— AIM OF THE TASK —
Practice item. Set the material below down again exactly, with no pictures.

------ GIVEN MATERIAL

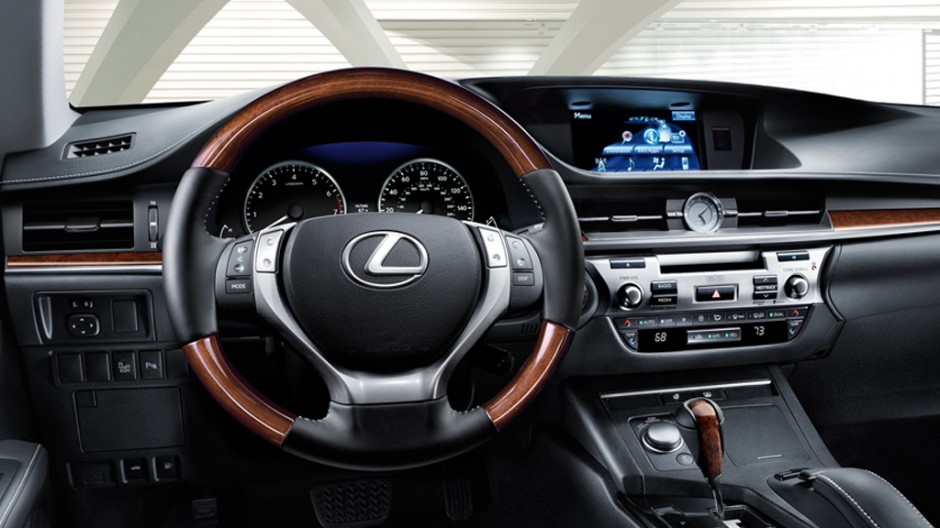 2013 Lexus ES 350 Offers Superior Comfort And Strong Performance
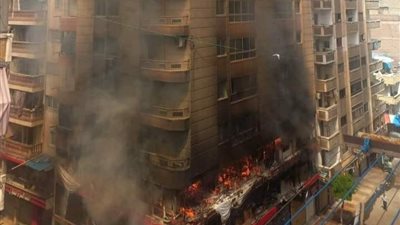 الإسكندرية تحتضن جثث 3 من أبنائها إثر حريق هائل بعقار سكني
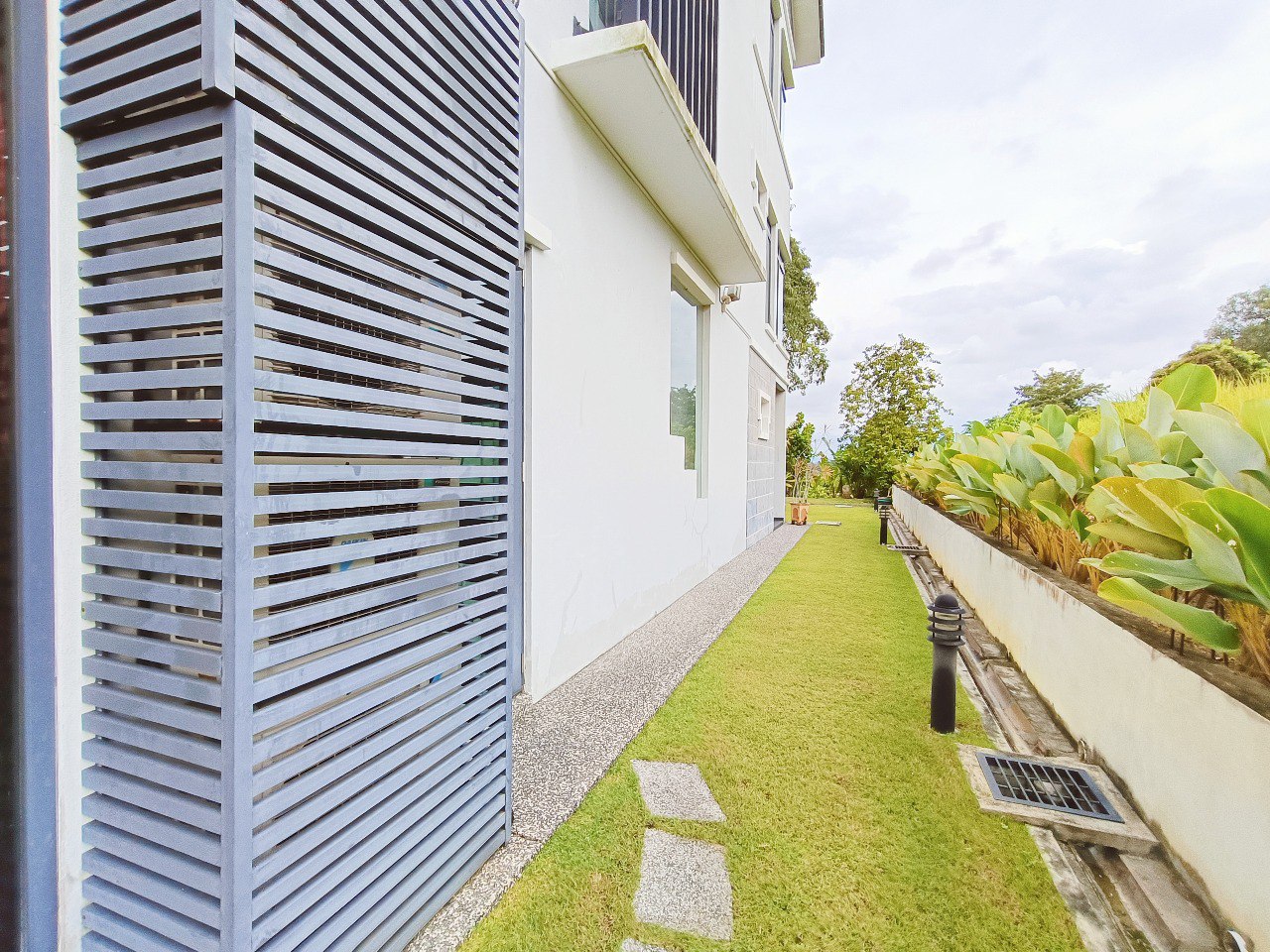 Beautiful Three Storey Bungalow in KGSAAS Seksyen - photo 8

------------

— EXPECTED OUTPUT —
 2013 Lexus ES 350 Offers Superior Comfort And Strong Performance
 الإسكندرية تحتضن جثث 3 من أبنائها إثر حريق هائل بعقار سكني
 Beautiful Three Storey Bungalow in KGSAAS Seksyen - photo 8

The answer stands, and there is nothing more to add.